WHAT THE TASK ASKS —
Starting at the line containing "Antique Black Door" and ending at the line containing "Asos Brand Waffle", transcribe the listing below exactly. Keep both end lines, skip the pictures, and copy nothing else.

SUPPLIED RECORDS —
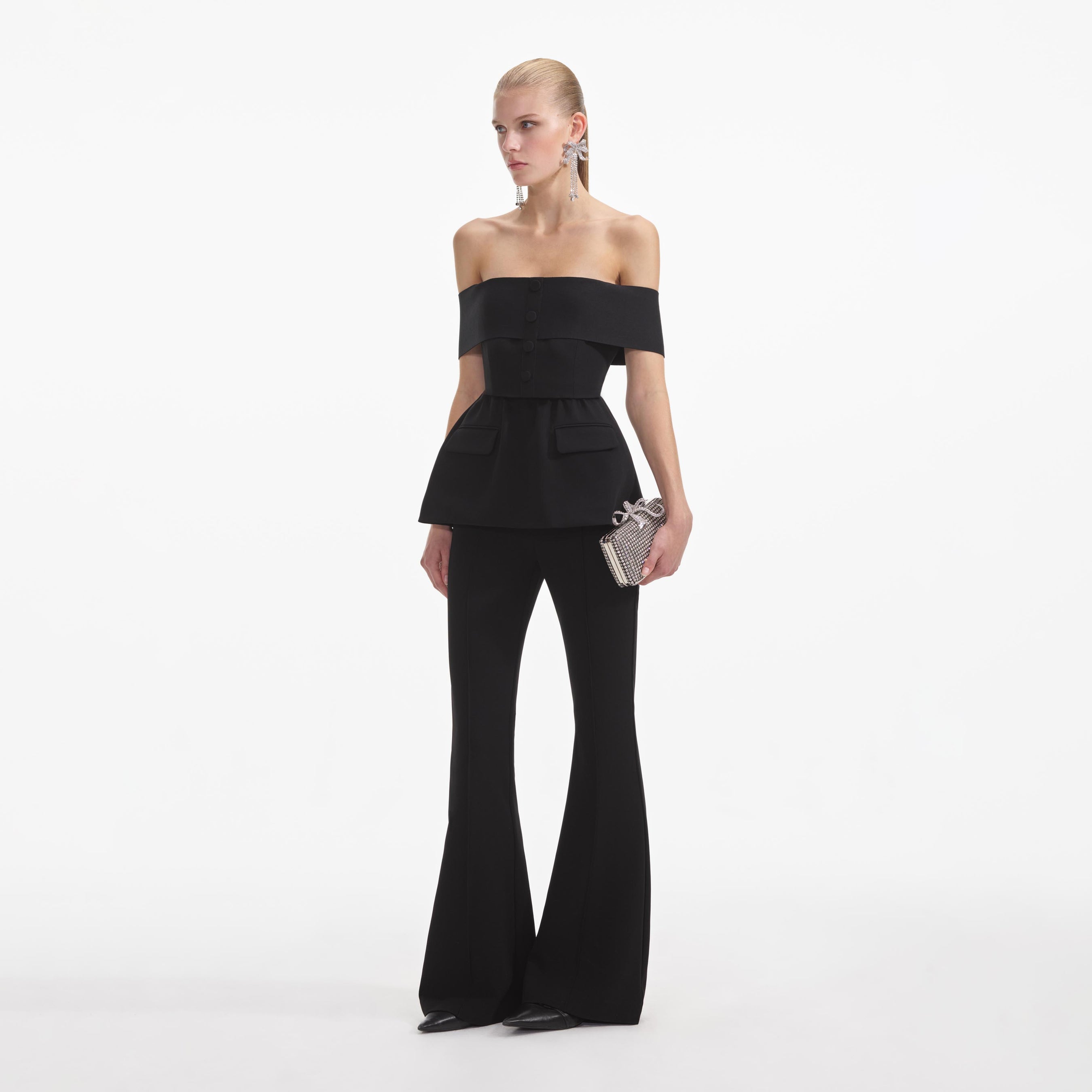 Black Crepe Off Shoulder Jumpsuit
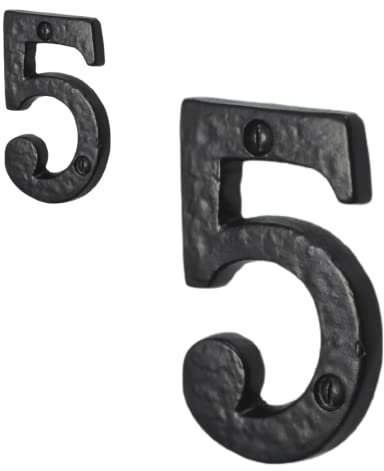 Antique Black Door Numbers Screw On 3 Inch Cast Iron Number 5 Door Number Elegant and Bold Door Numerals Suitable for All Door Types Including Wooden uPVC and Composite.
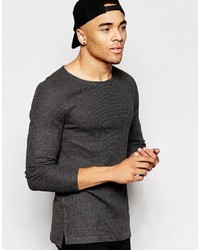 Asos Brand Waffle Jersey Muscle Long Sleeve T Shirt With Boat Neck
...
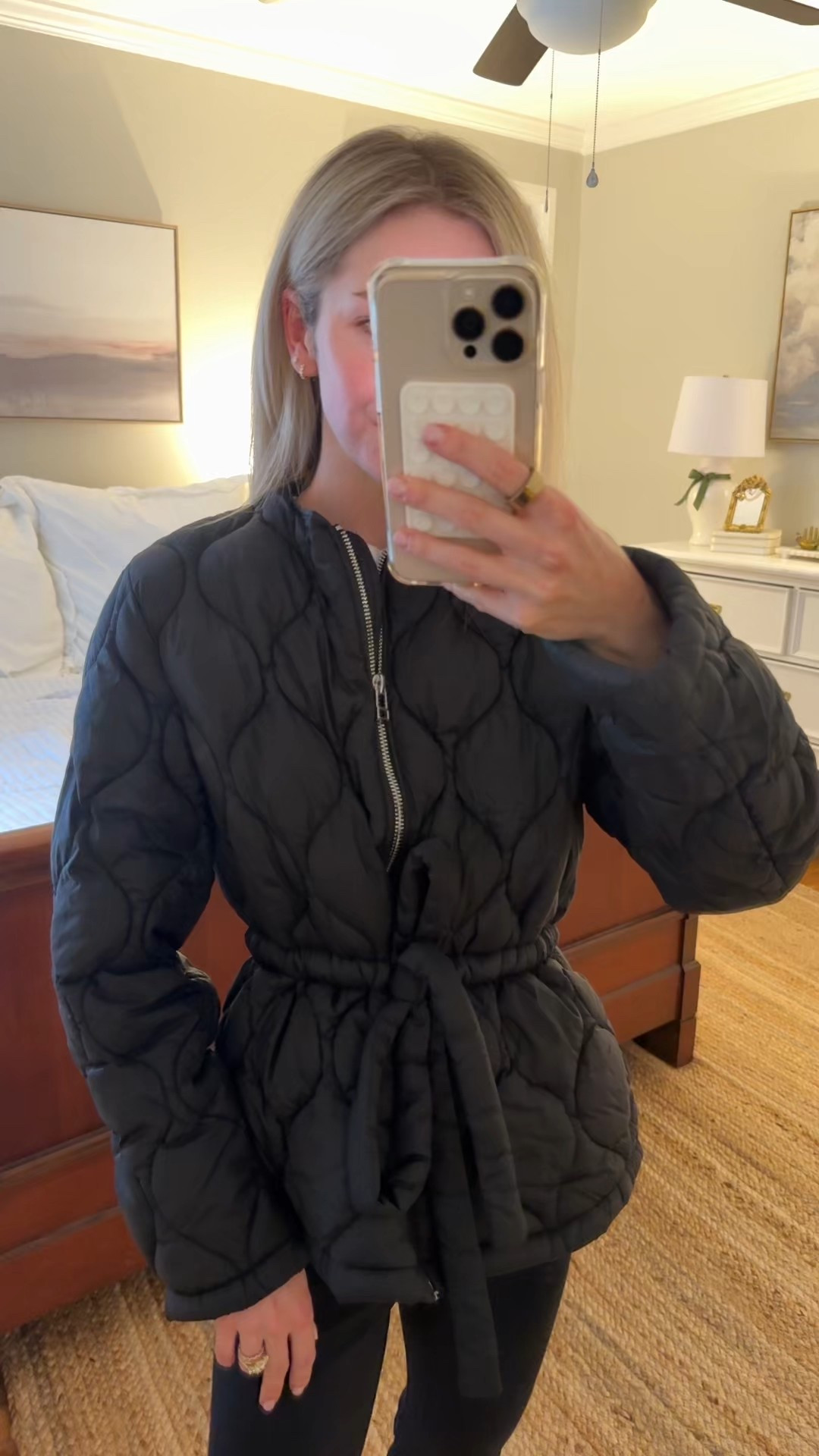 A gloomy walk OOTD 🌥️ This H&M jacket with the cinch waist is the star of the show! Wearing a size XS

WRITTEN RESPONSE —
 Antique Black Door Numbers Screw On 3 Inch Cast Iron Number 5 Door Number Elegant and Bold Door Numerals Suitable for All Door Types Including Wooden uPVC and Composite.
 Asos Brand Waffle Jersey Muscle Long Sleeve T Shirt With Boat Neck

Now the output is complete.